Task to carry out:
Set down the whole listing below exactly, without pictures.

Data excerpt:
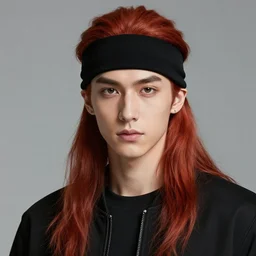 professional digital art of a fashionable young man with long red hair and a black sweatband, high quality, highly detailed, HD, 8K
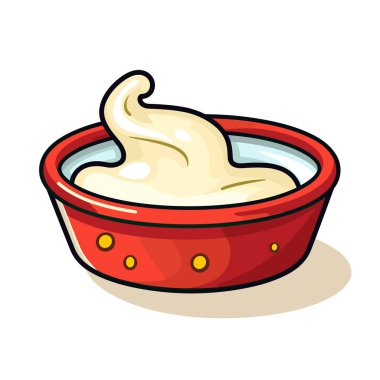 Beyaz arka planda kremayla dolu kırmızı bir kase.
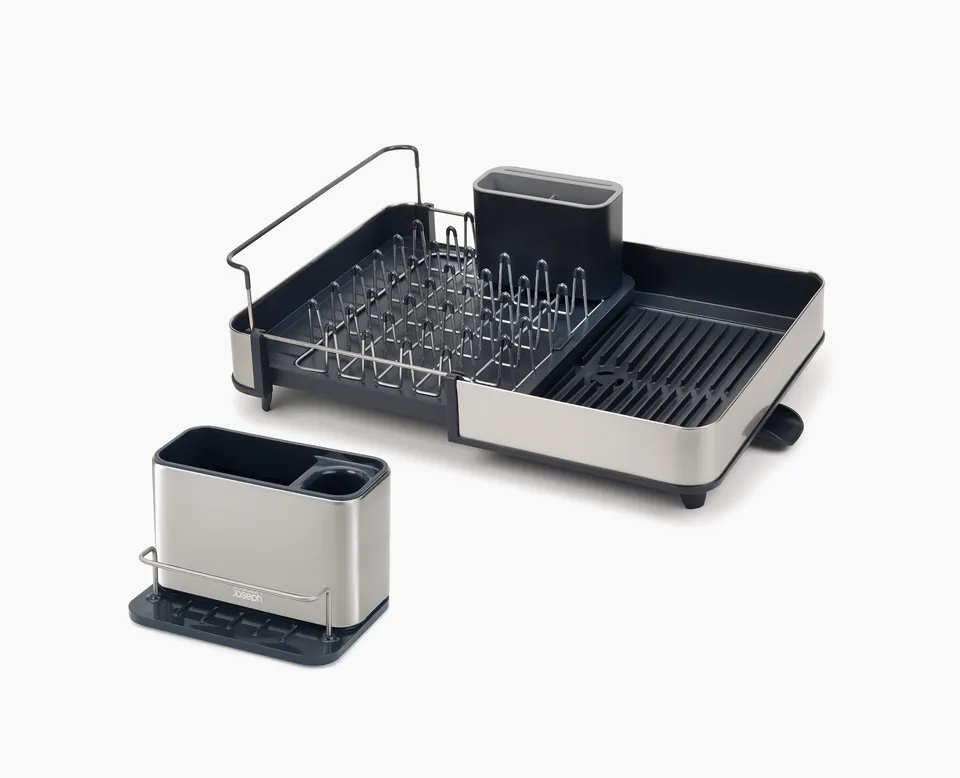 joseph-joseph-2-piece-stainless-steel-drainer-sink-organisation-set image 1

Problem solution:
 professional digital art of a fashionable young man with long red hair and a black sweatband, high quality, highly detailed, HD, 8K
 Beyaz arka planda kremayla dolu kırmızı bir kase.
 joseph-joseph-2-piece-stainless-steel-drainer-sink-organisation-set image 1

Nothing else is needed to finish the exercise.